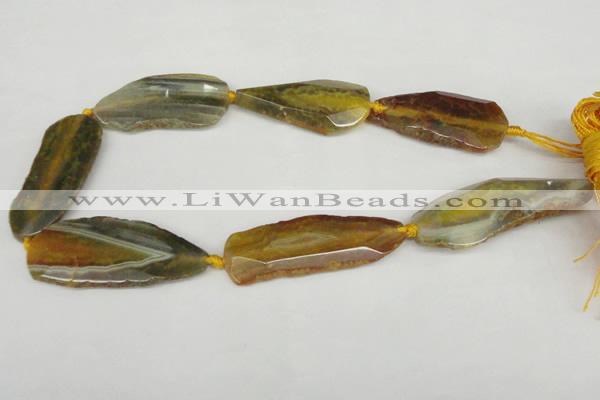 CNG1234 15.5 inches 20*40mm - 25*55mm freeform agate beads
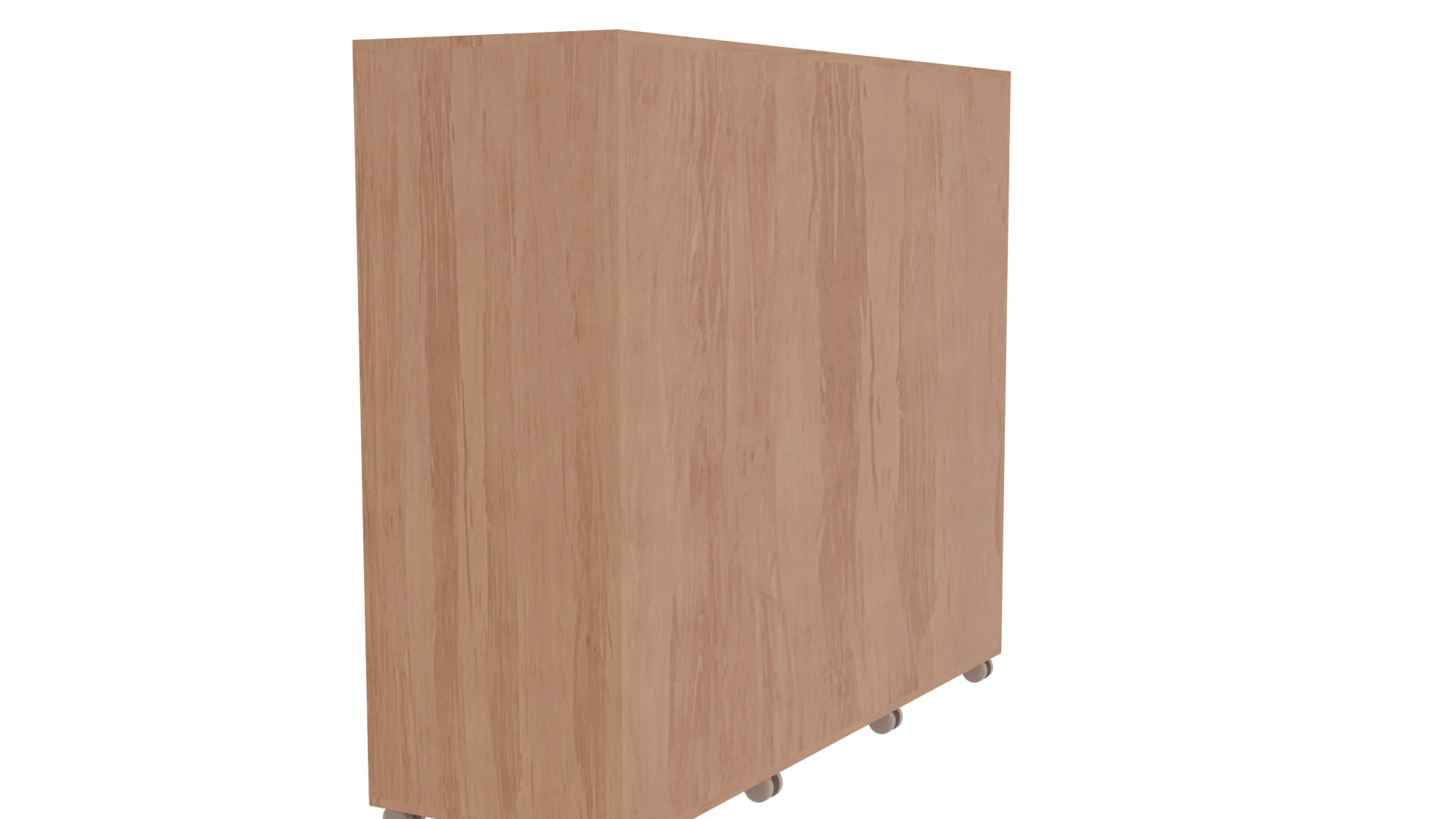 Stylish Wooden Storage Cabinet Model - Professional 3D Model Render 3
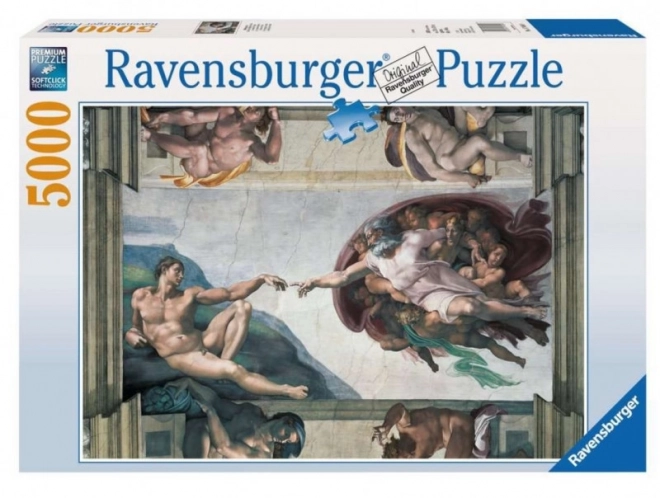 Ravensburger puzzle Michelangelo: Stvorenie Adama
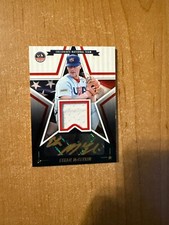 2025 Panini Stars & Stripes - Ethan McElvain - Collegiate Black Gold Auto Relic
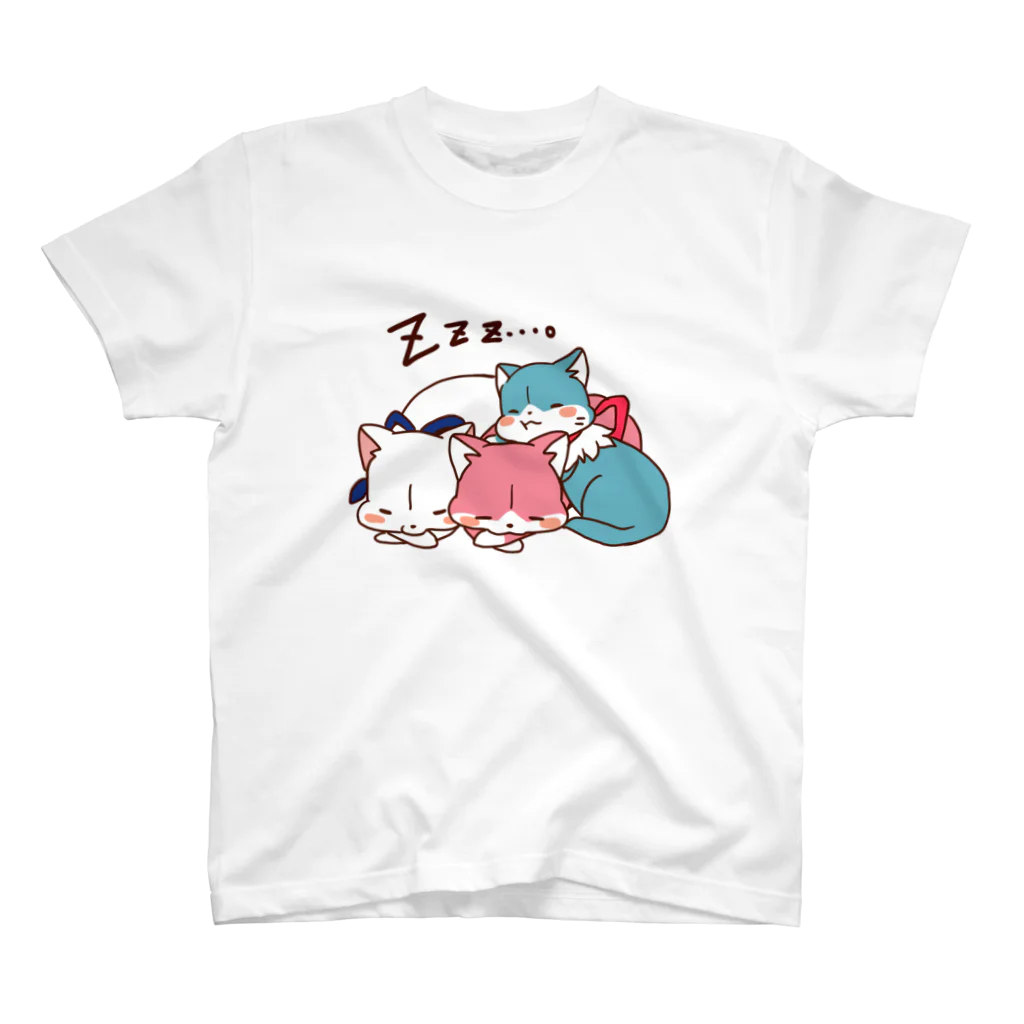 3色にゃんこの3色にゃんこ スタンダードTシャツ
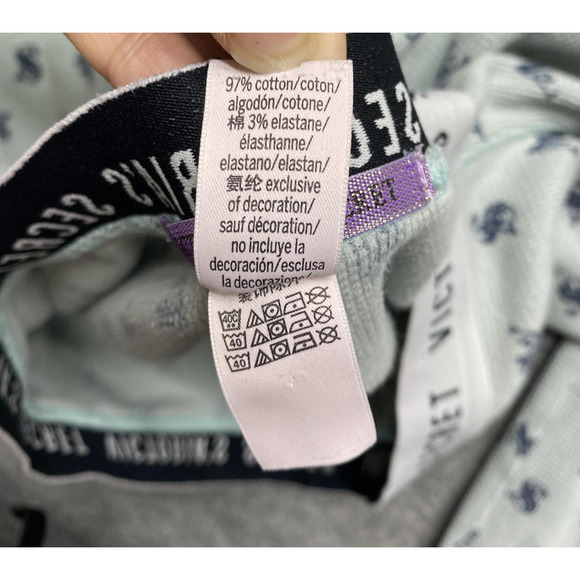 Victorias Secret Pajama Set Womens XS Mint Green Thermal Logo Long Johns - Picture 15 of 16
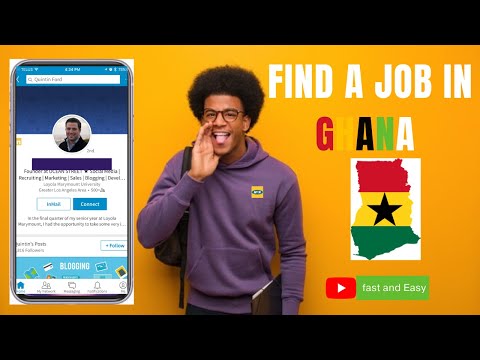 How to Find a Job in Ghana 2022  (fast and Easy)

==

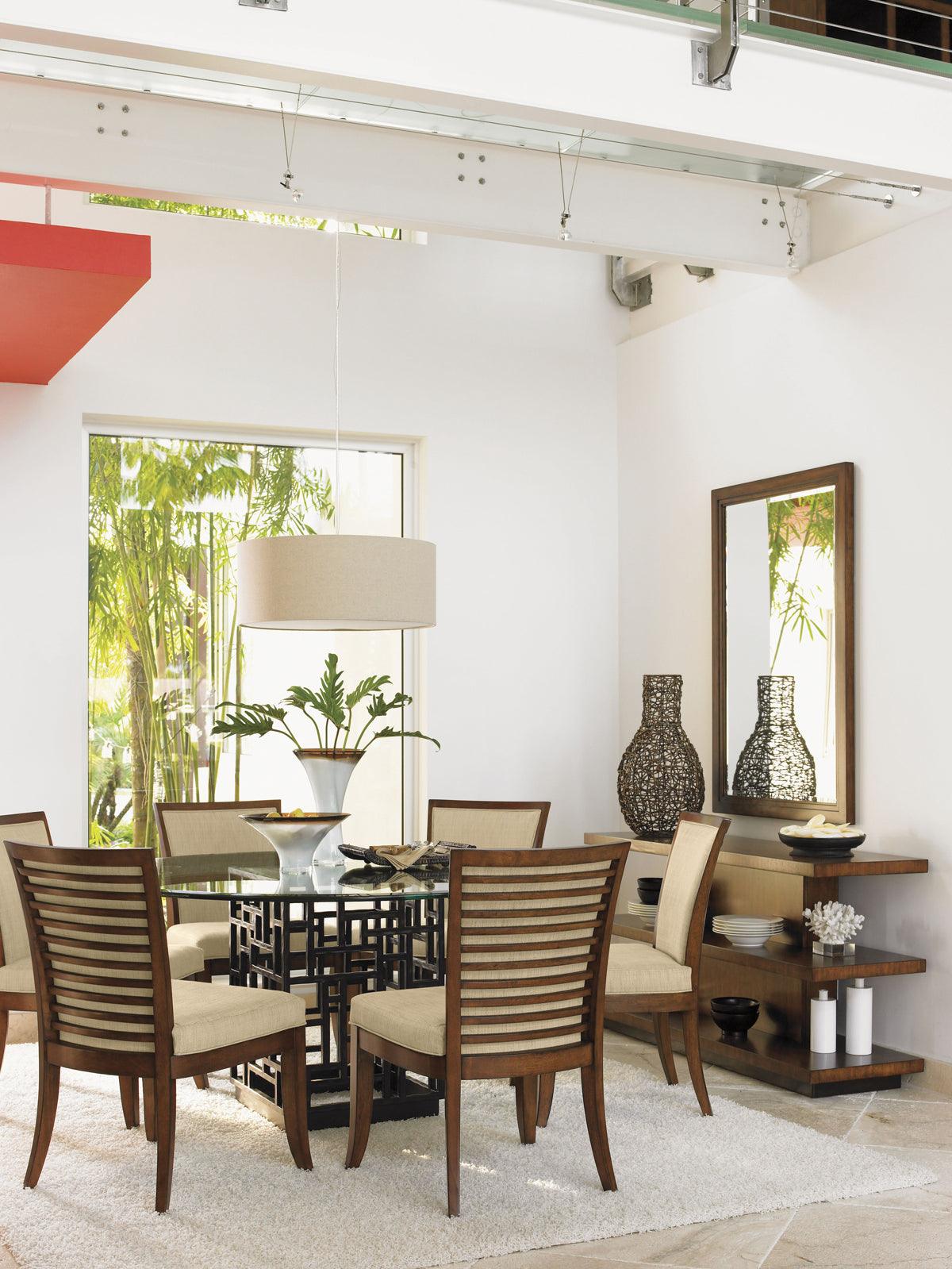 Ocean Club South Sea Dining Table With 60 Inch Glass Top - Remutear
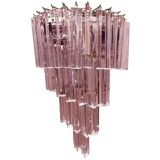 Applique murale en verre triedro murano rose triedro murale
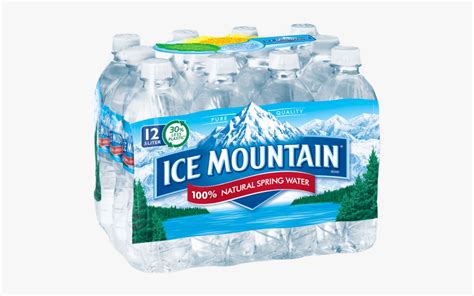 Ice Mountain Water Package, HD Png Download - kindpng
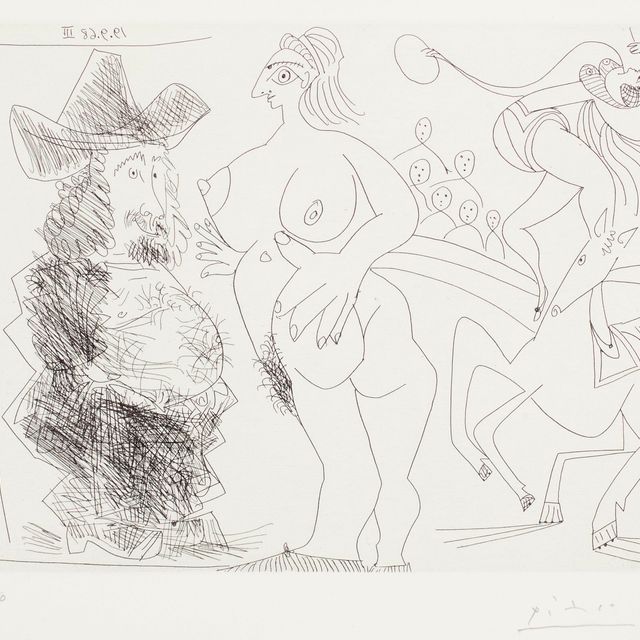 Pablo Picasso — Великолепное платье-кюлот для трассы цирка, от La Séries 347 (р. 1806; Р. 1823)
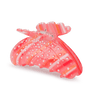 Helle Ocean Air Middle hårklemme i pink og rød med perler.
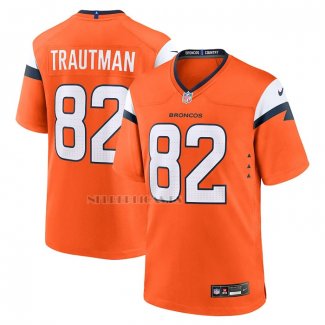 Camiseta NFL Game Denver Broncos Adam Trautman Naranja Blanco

...

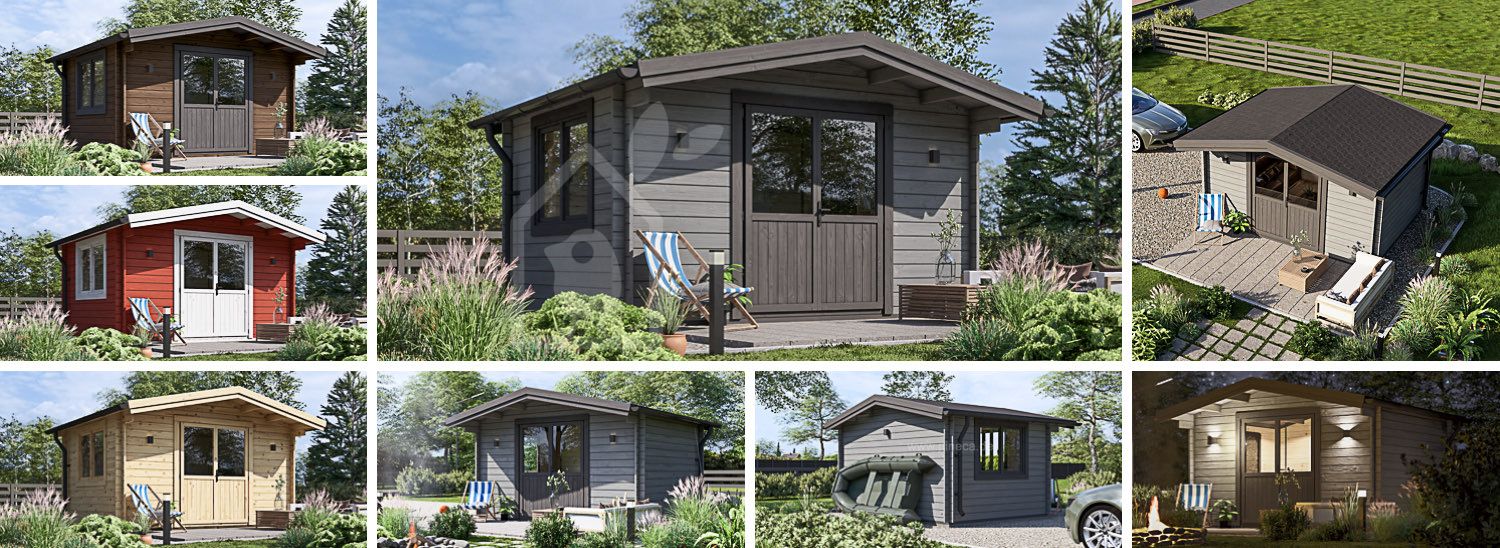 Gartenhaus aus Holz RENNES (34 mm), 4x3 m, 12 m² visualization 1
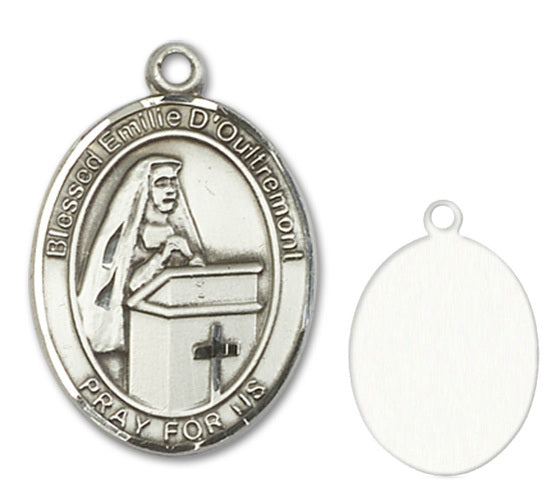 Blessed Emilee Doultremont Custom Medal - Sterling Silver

## [Work request]
Pictures aside, print exactly the lines above starting with the one containing "Applique murale en" and going on through the one containing "Camiseta NFL Game".

## [Finished exercise]
 Applique murale en verre triedro murano rose triedro murale
 Ice Mountain Water Package, HD Png Download - kindpng
 Pablo Picasso — Великолепное платье-кюлот для трассы цирка, от La Séries 347 (р. 1806; Р. 1823)
 Helle Ocean Air Middle hårklemme i pink og rød med perler.
 Camiseta NFL Game Denver Broncos Adam Trautman Naranja Blanco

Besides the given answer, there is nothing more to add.